The consultant’s uniform – Is there a dress code for consultants?

“I could tell you were a management consultant as soon as I saw you!”

This was the director’s greeting when I arrived on set for a training film for management consultants; I was the technical advisor.

But what was it that made me recognisably a management consultant? In days of yore there were dress rules (even to the style of trilby hat, when there were few female consultants), but by the time of that film those days were past.

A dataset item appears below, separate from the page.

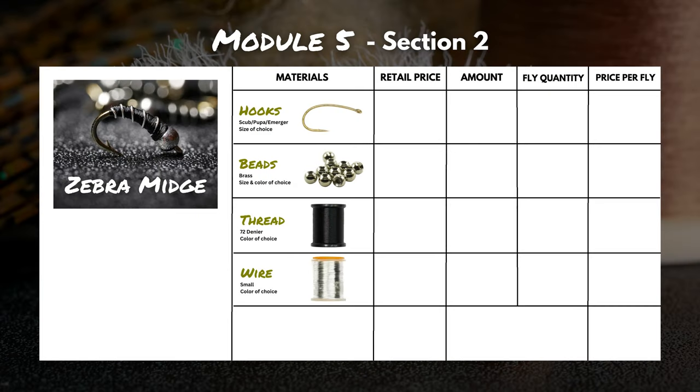Let's start with the easy ones: hooks and beads. Hooks usually come in packs of 25 with an average retail price of about $8, which comes out to about 32 cents per fly. Beads come in various pack sizes, but for this example a pack of 24 brass beads has an average retail price of about $3.50, so that's about 15 cents per fly.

There are image consultants aplenty who will tell you that you never get a second chance to make a first impression, and that impression is based on how you look. “Imagine,” said one, “how much effort goes into the design of the packaging of an item costing only a few pounds in the supermarket. How much more we should consider the packaging of a consultant costing hundreds of that per day!”

So we included an image session on the training courses I ran for consultants to develop their selling skills. The image advisor would arrive carrying a variety of neckties and shirts (men tended to need a lot more advice than women!) and the trainees would marvel how a well-cut shirt or style of tie, and the right choice of colour for clothing, could enliven their appearance.

But as for a uniform? The advisor told us to vary it according to the audience. The sharp suit that might be de rigueur in the City would not have the same favourable impact if worn to a rural public sector client. We boiled it down to the advice “dress how you think your clients would like their consultants to dress. And if in doubt, err on the side of formality.”

So I guess that I looked like how that film director thought a management consultant should look, and certainly the male players in the film were dressed similarly to me – with no technical advice on my part.

To finish the story: my work didn’t finish on that set. The director came to me and said, “That final scene, where the two main characters have a conversation highlighting all the lessons from the drama. It doesn’t work. We want you to do a commentary to camera, and we’ll film it in your house.”

So early one morning the film crew arrived. They took one look at my furniture and decided to hire better stuff from the local antique shop.

Five minutes of voice to camera took most of a day to film. Set up takes ages. And in that short piece with me alone in shot, behind the camera were the director, the director’s assistant, the cameraman, the sound man, the lighting man, the teleprompter operator – all squeezed into my small room.

If you ever see that film I’ll leave it to you to decide whether I look like a management consultant.